Numero da decisão: 2301-006.075
Decisão: Vistos, relatados e discutidos os presentes autos. Acordam, os membros do colegiado, por voto de qualidade, em NEGAR PROVIMENTO ao recurso, vencidos o relator e os conselheiros Wilderson Botto, Marcelo Freitas de Souza Costa e Gabriel Tinoco Palatnic, que deram provimento. Designado para redigir o voto vencedor o conselheiro Reginaldo Paixão Emos. Manifestou intenção de apresentar declaração de voto o conselheiro Gabriel Tinoco Palatnic. Entretanto, findo o prazo regimental, o Conselheiro Gabriel Tinoco Palatnic não apresentou a declaração de voto, que deve ser tida como não formulada, nos termos do § 7º, do art. 63, do Anexo II, da Portaria MF nº 343/2015 (RICARF)". (assinado digitalmente).

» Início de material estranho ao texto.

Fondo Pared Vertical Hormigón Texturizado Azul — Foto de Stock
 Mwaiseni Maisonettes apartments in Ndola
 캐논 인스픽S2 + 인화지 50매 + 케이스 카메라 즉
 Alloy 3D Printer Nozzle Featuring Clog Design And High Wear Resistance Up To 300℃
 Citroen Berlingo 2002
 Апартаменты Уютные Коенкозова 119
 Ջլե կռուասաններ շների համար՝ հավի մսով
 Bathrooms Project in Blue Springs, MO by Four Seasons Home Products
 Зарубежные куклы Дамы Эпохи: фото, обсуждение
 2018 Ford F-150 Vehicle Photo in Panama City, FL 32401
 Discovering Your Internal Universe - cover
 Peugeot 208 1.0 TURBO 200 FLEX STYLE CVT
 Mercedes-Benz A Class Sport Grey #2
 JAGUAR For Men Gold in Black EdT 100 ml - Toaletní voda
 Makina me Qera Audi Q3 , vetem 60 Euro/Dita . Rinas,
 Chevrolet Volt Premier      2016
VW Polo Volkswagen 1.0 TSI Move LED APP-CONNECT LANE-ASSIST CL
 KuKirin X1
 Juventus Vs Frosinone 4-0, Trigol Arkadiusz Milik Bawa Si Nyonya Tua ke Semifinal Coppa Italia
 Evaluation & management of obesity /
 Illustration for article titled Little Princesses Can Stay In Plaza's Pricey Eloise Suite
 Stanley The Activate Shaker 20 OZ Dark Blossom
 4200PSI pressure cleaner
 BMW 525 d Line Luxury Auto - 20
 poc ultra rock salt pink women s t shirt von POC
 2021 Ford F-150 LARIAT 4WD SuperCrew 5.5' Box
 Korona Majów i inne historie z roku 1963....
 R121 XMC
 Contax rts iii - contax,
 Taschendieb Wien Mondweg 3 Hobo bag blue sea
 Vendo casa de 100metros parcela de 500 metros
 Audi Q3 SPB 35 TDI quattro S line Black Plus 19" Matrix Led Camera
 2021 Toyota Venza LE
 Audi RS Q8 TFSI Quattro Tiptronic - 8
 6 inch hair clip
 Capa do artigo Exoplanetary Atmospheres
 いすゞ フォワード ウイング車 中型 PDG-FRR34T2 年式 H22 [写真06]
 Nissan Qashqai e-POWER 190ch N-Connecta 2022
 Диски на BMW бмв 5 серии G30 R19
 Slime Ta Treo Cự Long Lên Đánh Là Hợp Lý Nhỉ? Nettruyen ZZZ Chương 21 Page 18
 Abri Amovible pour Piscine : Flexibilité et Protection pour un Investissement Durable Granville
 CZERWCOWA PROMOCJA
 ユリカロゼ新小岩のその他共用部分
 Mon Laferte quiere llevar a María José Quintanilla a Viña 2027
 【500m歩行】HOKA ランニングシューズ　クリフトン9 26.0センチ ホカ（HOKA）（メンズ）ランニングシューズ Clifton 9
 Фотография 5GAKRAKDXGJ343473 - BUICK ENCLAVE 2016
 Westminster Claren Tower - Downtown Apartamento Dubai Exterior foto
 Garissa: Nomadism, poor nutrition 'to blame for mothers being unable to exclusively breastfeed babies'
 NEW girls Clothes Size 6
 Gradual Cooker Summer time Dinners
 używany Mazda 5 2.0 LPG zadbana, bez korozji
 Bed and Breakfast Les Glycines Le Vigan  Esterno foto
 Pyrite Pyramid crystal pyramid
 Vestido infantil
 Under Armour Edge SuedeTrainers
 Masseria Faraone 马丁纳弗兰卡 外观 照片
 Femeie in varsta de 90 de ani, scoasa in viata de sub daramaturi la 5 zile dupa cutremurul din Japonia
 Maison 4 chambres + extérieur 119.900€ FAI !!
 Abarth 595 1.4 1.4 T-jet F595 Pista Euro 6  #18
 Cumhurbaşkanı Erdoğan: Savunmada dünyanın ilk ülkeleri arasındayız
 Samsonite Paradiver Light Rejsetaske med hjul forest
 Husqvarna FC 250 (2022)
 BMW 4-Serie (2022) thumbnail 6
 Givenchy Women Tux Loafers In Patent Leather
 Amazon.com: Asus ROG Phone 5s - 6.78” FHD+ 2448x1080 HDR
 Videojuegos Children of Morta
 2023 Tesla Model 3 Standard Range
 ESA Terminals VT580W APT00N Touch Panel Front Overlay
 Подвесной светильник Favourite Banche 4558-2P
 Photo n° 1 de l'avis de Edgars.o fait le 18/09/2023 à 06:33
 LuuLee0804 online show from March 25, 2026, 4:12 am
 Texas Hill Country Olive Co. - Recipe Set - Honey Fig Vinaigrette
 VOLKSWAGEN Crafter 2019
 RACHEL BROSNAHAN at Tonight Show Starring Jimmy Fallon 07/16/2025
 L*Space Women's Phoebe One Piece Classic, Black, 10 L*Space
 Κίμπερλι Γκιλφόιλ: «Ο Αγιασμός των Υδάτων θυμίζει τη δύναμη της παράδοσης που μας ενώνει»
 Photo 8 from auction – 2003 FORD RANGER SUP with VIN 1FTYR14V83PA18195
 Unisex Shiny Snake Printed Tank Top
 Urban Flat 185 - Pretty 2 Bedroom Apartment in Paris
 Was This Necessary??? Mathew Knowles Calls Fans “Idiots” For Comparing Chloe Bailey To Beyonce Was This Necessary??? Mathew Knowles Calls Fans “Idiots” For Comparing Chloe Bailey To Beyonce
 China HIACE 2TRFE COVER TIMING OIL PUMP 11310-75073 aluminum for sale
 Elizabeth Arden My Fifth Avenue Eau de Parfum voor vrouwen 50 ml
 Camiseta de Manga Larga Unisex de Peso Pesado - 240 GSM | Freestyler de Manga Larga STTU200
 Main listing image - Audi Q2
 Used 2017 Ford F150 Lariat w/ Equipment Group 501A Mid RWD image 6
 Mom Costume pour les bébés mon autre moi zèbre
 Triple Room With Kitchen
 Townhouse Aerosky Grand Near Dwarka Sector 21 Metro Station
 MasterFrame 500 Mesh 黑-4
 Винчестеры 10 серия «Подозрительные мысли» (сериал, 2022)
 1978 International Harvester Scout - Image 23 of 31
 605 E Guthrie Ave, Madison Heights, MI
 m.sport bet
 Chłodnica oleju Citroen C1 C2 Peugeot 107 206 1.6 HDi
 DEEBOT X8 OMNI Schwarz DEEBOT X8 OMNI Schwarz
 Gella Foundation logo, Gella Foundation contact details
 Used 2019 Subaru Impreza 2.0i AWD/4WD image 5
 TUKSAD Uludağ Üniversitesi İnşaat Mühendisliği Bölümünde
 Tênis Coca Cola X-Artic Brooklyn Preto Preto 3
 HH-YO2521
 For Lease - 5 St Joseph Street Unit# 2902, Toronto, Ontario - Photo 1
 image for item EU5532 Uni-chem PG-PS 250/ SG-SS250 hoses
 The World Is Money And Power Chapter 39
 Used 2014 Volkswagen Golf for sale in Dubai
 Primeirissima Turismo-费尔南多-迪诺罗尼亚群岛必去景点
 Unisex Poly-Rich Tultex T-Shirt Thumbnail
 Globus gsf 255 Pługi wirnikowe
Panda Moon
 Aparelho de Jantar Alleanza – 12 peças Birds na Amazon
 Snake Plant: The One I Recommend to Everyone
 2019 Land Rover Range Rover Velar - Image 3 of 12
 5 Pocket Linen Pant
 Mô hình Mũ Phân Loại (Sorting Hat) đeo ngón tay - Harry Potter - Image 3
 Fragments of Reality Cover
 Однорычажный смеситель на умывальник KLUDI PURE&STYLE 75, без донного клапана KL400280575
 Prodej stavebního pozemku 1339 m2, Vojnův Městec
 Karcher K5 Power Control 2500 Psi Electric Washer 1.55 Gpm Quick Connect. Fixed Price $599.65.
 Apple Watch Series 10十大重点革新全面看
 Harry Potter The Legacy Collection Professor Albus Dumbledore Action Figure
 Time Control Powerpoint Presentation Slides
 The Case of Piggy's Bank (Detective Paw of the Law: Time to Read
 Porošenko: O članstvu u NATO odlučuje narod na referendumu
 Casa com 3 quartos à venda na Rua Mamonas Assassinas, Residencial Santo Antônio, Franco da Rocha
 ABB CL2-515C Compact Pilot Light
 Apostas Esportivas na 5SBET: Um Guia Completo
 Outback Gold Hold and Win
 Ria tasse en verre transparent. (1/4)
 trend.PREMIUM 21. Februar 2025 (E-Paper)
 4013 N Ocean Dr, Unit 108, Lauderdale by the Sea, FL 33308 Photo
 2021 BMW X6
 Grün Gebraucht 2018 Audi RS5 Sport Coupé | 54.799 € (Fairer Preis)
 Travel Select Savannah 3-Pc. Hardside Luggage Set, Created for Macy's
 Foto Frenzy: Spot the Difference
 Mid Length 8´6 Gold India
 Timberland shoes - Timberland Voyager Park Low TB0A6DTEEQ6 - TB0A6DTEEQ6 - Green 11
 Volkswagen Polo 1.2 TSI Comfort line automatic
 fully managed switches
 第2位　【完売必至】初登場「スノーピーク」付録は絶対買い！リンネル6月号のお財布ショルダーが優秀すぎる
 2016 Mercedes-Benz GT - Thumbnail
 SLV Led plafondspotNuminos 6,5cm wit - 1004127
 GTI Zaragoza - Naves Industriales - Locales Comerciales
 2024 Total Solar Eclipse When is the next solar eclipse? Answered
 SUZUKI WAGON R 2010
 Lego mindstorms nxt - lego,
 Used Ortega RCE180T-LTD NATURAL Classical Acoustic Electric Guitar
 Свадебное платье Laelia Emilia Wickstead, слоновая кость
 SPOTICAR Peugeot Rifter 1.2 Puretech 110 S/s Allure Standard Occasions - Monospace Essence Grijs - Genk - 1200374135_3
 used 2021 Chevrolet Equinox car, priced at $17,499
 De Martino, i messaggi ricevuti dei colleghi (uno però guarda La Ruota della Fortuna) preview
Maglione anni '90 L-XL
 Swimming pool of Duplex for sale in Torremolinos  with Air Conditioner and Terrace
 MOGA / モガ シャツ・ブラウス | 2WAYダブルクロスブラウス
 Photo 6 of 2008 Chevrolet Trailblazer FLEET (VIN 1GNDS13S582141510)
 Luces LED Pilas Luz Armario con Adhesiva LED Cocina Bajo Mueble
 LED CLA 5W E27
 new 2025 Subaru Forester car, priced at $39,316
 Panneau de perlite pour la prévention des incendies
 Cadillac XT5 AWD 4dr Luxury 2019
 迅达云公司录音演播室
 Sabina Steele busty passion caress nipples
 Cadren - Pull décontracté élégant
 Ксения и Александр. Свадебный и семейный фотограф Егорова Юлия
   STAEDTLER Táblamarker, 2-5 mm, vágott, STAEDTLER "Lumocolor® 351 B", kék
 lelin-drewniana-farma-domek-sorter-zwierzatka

João Maurício Vital - Presidente (assinado digitalmente) Wesley Rocha - Relator (assinado digitalmente) Reginaldo Paixão Emos - Redator Designado. Participaram da sessão de julgamento os conselheiros: Antônio Sávio Nastureles, Wesley Rocha, Reginaldo Paixão Emos, Wilderson Botto (Suplente convocado), Cleber Ferreira Nunes Leite, Marcelo Freitas de Souza Costa, Gabriel Tinoco Palatnic (Suplente convocado) e João Maurício Vital (Presidente). O conselheiro Wilderson Botto, Suplente convocado, integrou o colegiado em substituição à conselheira Juliana Marteli Fais Feriato.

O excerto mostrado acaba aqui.